**Try it:** Beginning with the line of the entries below that holds "Obraz premium Garland" and ending with the line that holds "Tactical Hooded Camouflage", transcribe each line exactly as written. Pictures stay out.

**Entries provided:**
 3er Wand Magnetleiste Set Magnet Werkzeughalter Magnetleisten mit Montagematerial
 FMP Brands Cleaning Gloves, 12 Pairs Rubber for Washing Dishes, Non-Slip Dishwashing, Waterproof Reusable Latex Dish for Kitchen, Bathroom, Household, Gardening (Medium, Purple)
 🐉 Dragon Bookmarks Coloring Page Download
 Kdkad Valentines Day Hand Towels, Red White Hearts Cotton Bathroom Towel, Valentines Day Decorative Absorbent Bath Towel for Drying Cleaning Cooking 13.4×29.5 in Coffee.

--

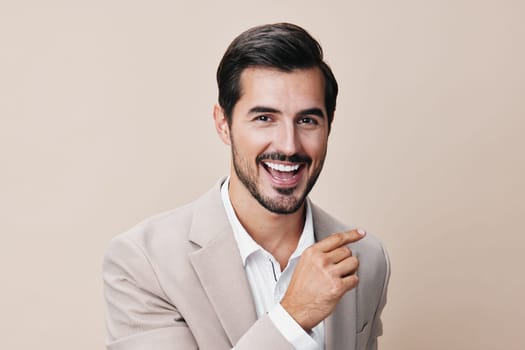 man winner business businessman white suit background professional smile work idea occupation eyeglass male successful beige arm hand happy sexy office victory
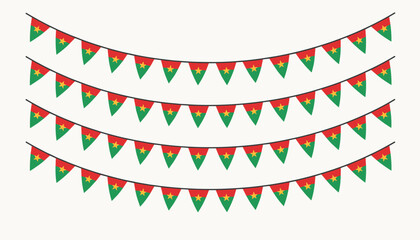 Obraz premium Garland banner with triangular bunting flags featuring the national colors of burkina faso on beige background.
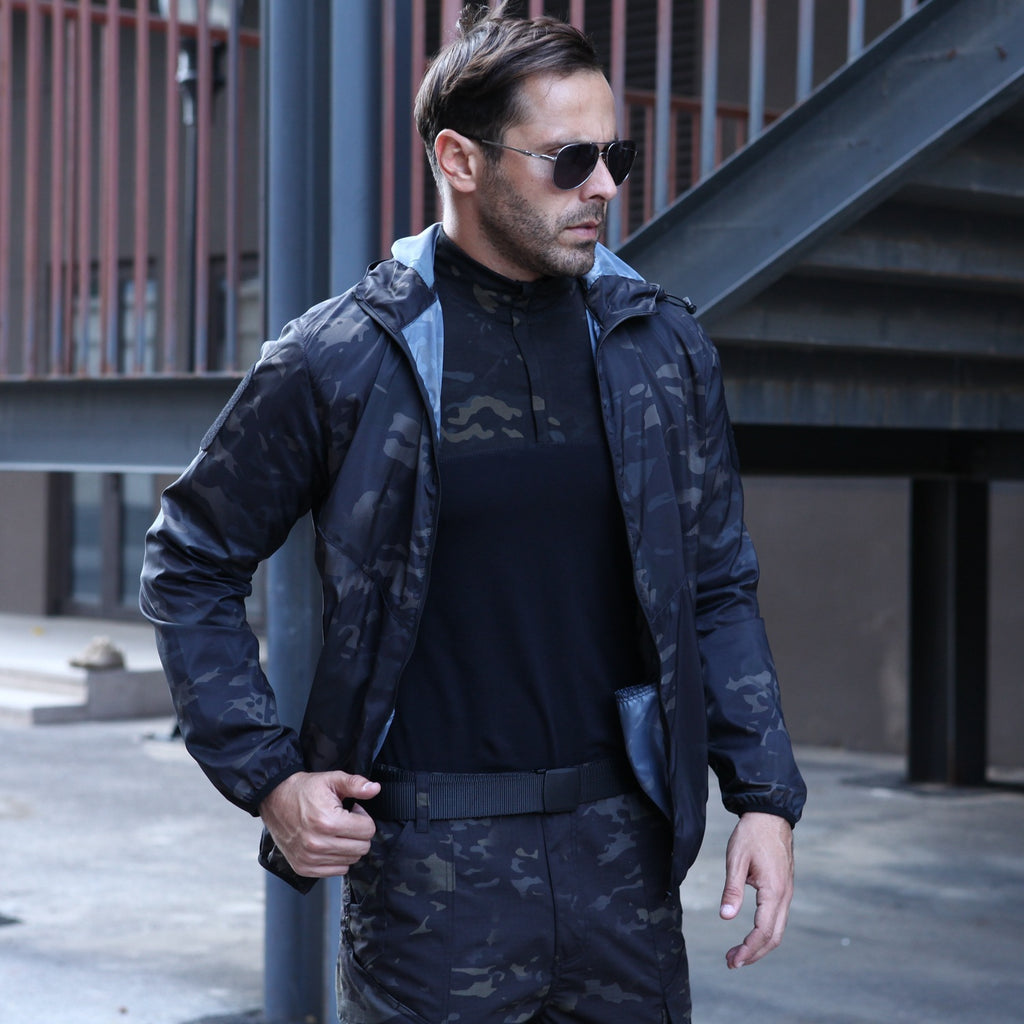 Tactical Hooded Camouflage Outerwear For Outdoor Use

**Worked solution:**
 Obraz premium Garland banner with triangular bunting flags featuring the national colors of burkina faso on beige background.
 Tactical Hooded Camouflage Outerwear For Outdoor Use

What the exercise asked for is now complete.